What would you recommend that covers data flow analysis better than the dragon book? I'm currently starting data flow analysis for my own compiler using intervals and/or modular congruences (operations can be reduced to congruences, then combined with the Chinese Remainder Theorem). What are the theoretical advantages of intervals and what do you recommend over that?

  • Ah, sorry, I should probably clarify that there are two completely distinct uses of the term "interval" in data flow analysis.

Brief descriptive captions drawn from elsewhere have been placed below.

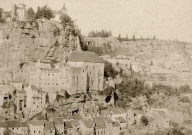 Rocamadour : vue générale.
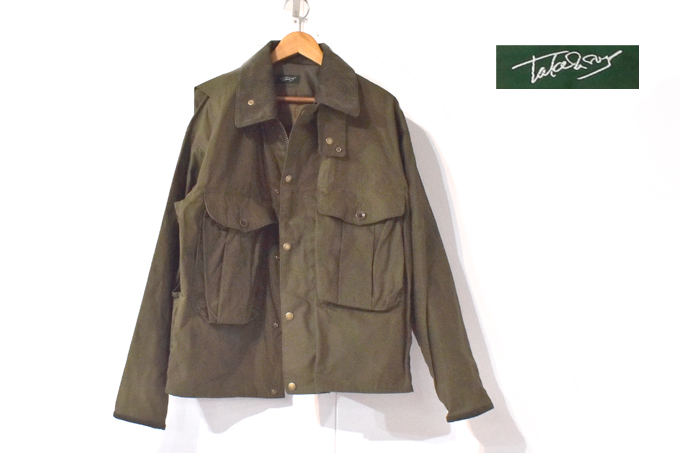 TAKE＆SONS PARAFIN COTTON CASTING JACKET
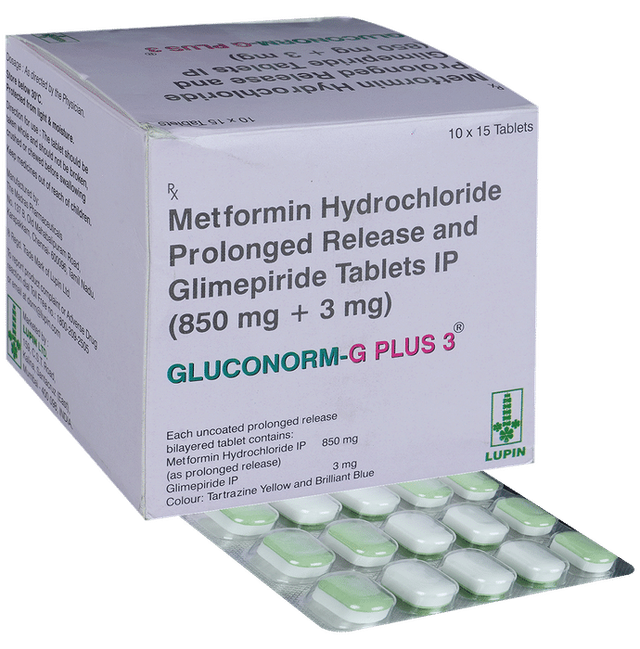 Gluconorm-G Plus 3 Tablets PR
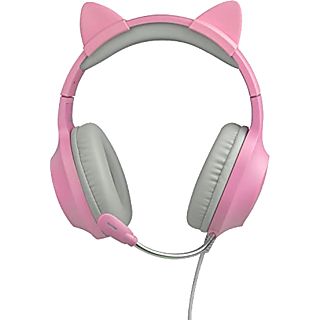 Auriculares gaming - FR-TEC Headset Tanooki, Rosa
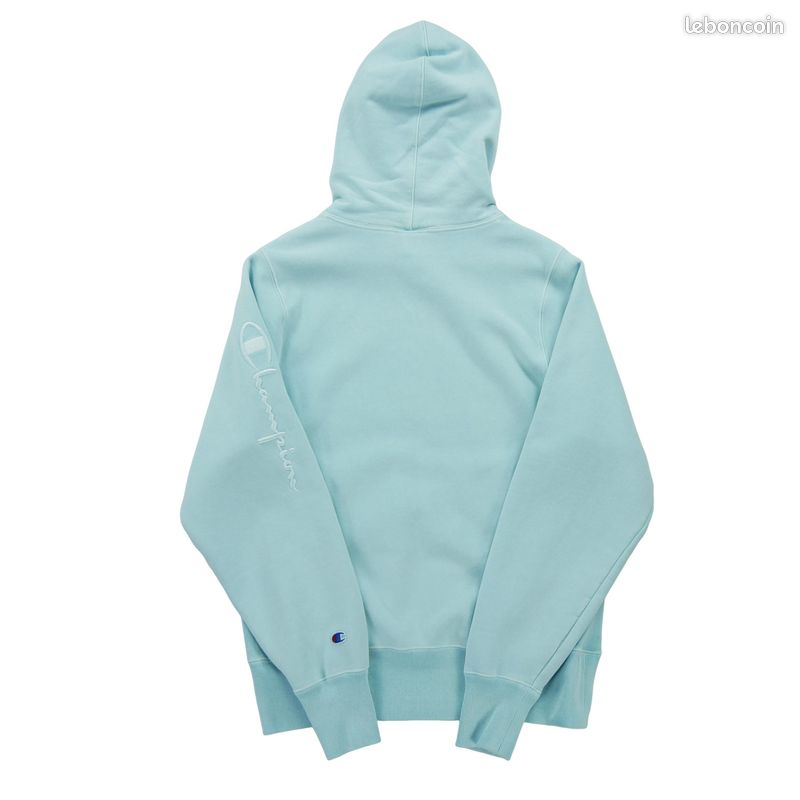 Pull Champion Blanc Sweat Champion Bleu Ciel Champion Sweat à - Main Image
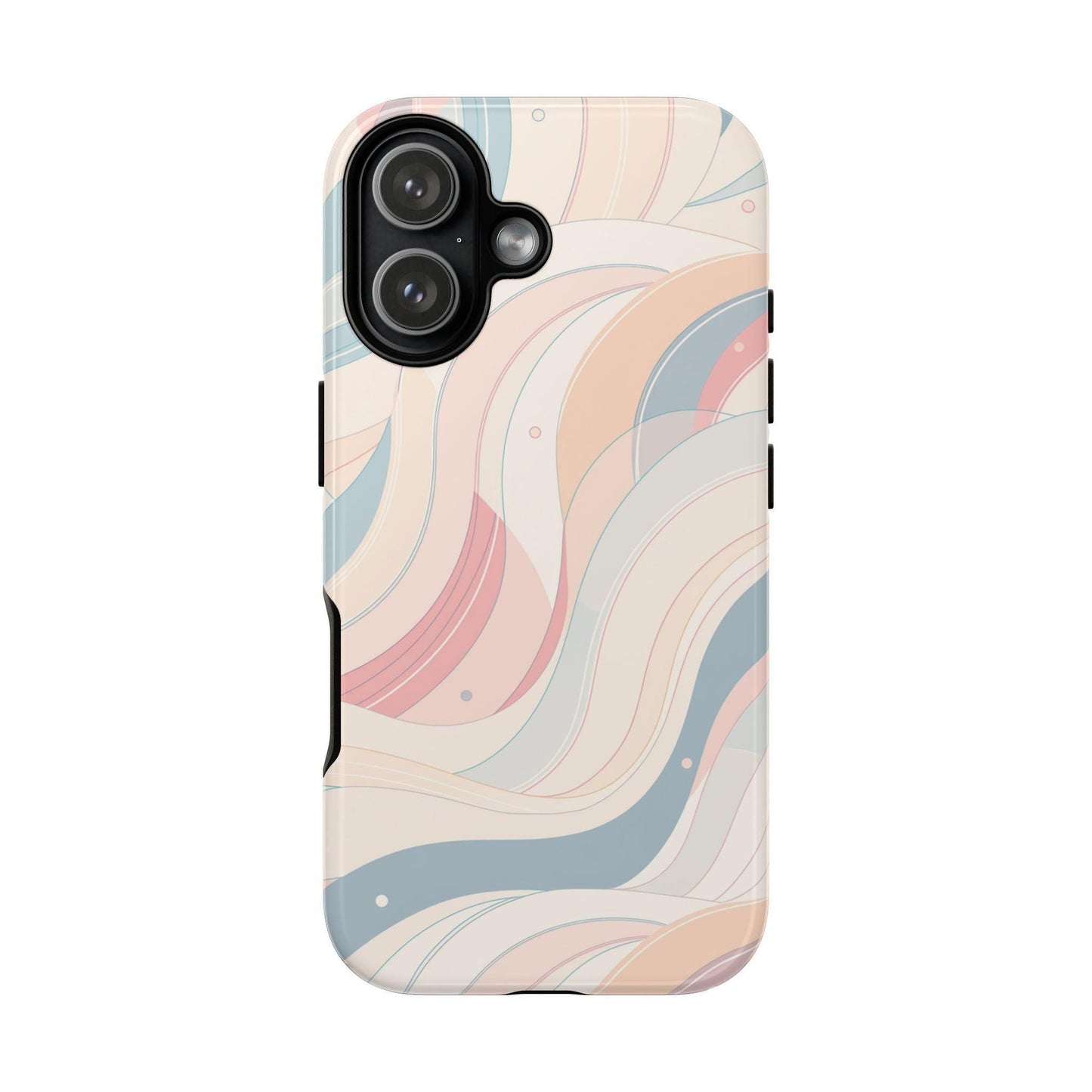 Wavy Ribbon Gradient Abstract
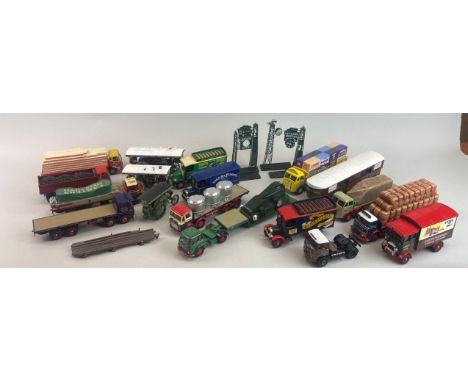 A quantity of Corgi diecast model vehicles including traction engines.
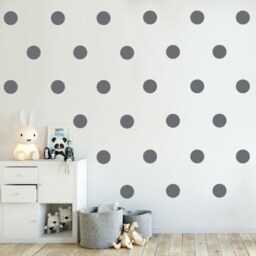 Polka Dot Decal - Choose Your Color, Decals, Circle Geometric Wall Decal, Scandinavian Design, Nursery Art - thumbnail 3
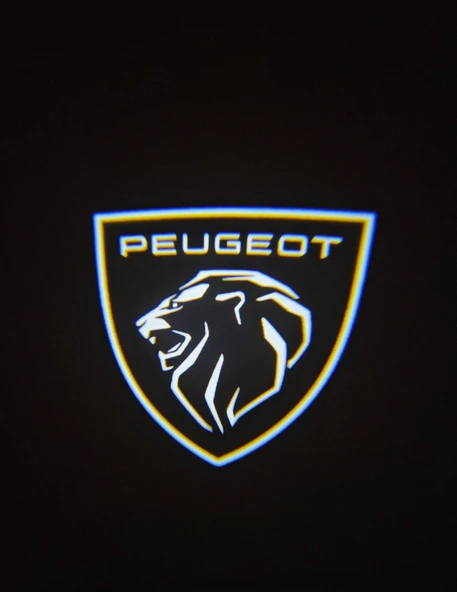 Peugeot Yeni Logo Araçları Kapı Altı Led Logo Mesafe Sensörlü Yeni Nesil 2 ADET ürün görseli 1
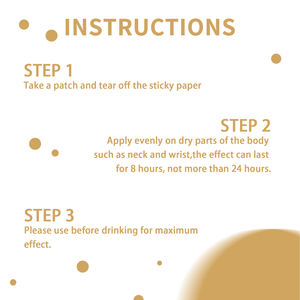 送料無料ホットセールハングオーバーパッチ防御経皮各種パーティー用 - Product Image 6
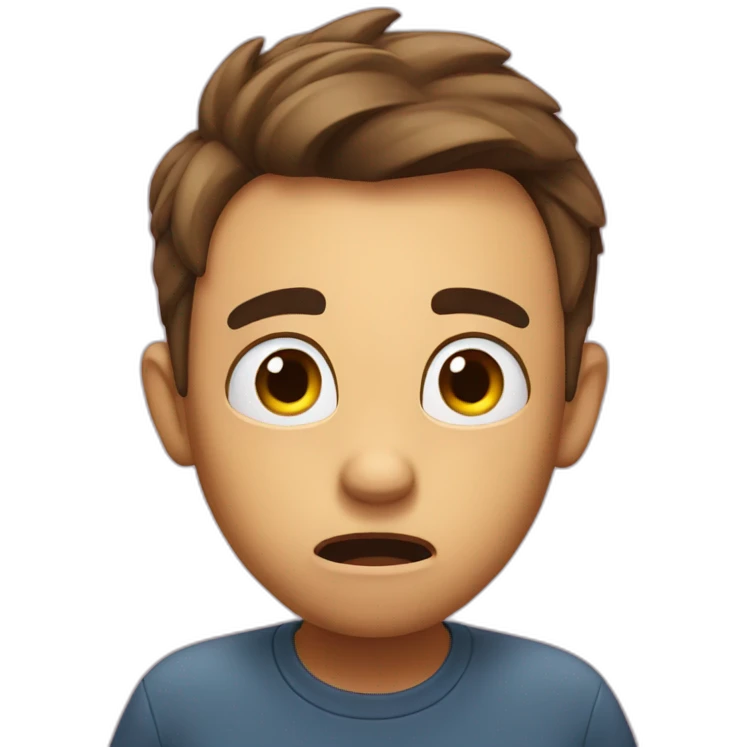 Scared imoji  emoji
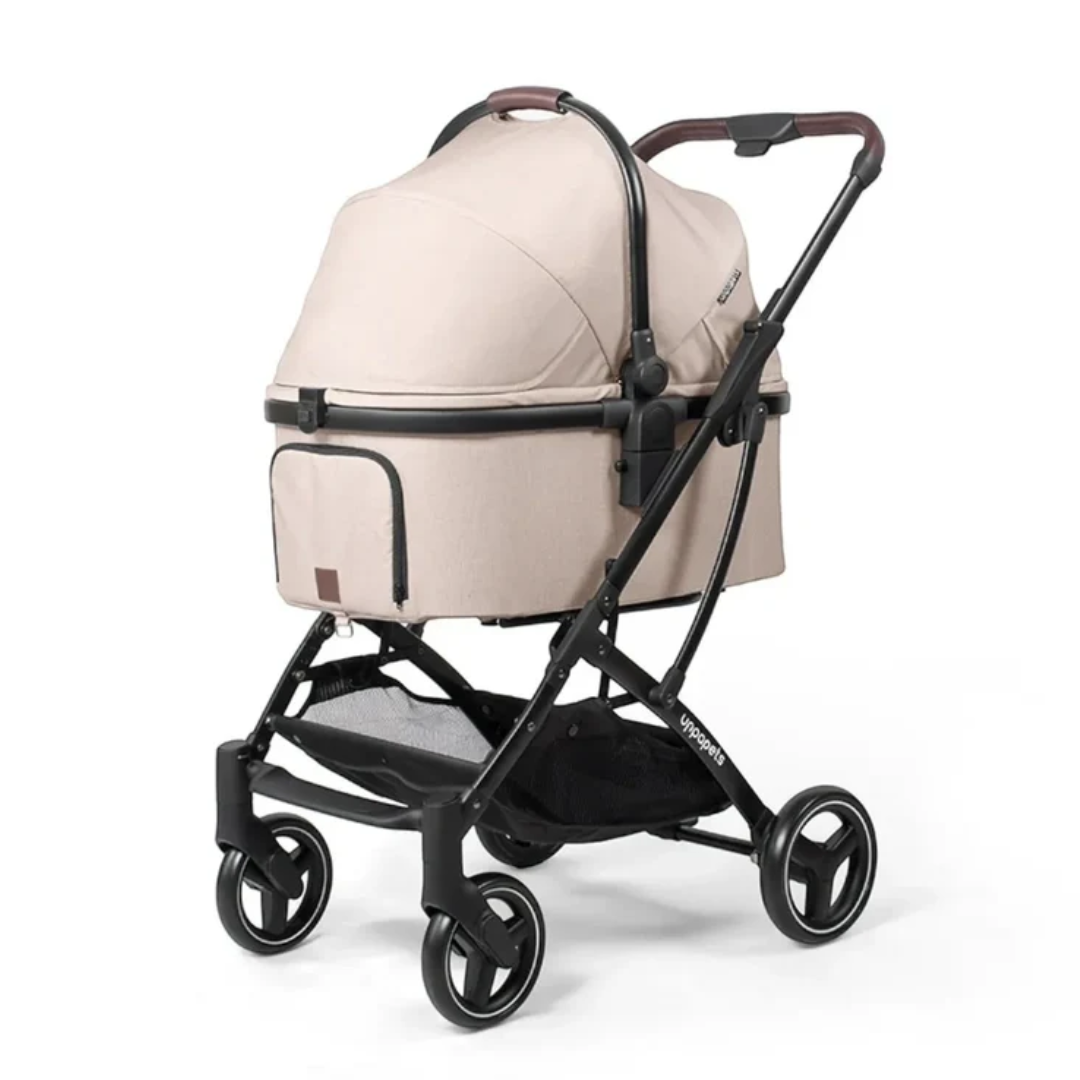 Uppapets Aroa Plus 可摺疊可分拆寵物推車（寵物承重：20KG）奶茶色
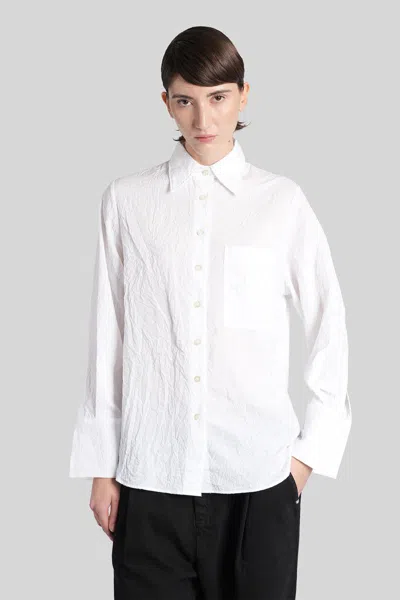 Amish Ripple  Shirt In White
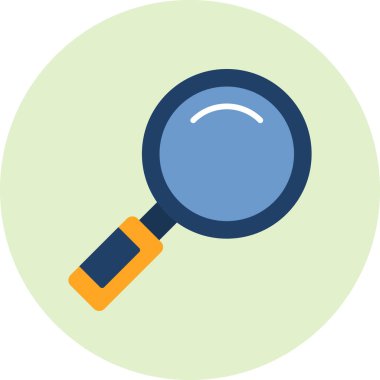 Büyütme cam ağ ikonu vektör illüstrasyonu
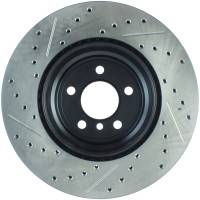 StopTech - StopTech Sport Drilled/Slotted Brake Rotor; Rear Left - Image 2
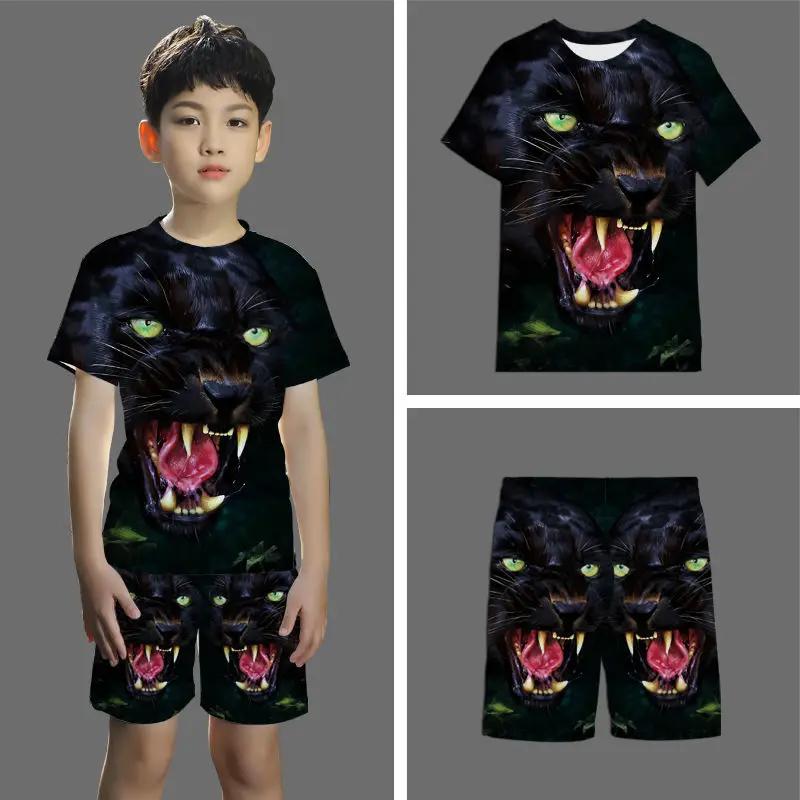 Kinder kurzarm shorts anzug 3D stereo sport anzug Student jugend und kinder shorts 2-stück set Sommer neuheit 2024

    One (introduced in https://amturing.acm.org/p137-allen.pdf and discussed in the old Dragon Book) groups program points into nested "intervals", i.e., intervals are pieces of code. Analysis information is then propagated among these intervals. This is what I was referring to above. As far as I know this approach is completely obsolete by now, with everyone using methods based more or less indirectly on Kildall's worklist iteration approach (http://static.aminer.org/pdf/PDF/000/546/451/a_unified_appro...). The theoretical advantage I was referring to above was that the interval approach is AFAIR sometimes more efficient because it can take program structure (loop nesting) into account more directly.

    The other meaning of "intervals" is used for an analysis domain, i.e., the kind of data you want your analysis to compute. For example, you might determine that the possible values of some variable x are in the interval [10, 20], the values of y are in the interval [5, 15], and then you can compute that the values of z = x + y must be in [15, 35]. There is nothing wrong with this approach, and any optimizing compiler is pretty much forced to use something like this. Based on your reference to modular congruences I think you probably want to do analysis of numerical values and meant this sense, which is anyway the only one in common use nowadays. Go ahead and do this. Extensions are with congruences, like "x is in [10, 20] and also congruent to 1 modulo 4" and/or "known bits", like "x is in [10, 20], and I know that (counting from the LSB) its bit 2 is 0 and bit 3 is 1".

    Personally I learned about data flow analysis in a university course based on Principles of Program Analysis: https://www.springer.com/gp/book/9783540654100. It's a book that goes into a lot of mathematical depth but not much breadth of analyses, and it doesn't handle data flow analysis on SSA form. Then I learned additional details from various well-known papers like the ones linked above, and the classical early papers around analysis on SSA form, like https://www.cse.wustl.edu/~cytron/531Pages/f11/Resources/Pap.... I'm sure there must be a more straightforward text to get you there, but I don't think I can give a definite recommendation. I have vague memories of the coverage in Muchnick's "Advanced Compiler Design and Implementation" and/or Cooper and Torczon's "Engineering a Compiler" being reasonable, but I can't find my copies right now.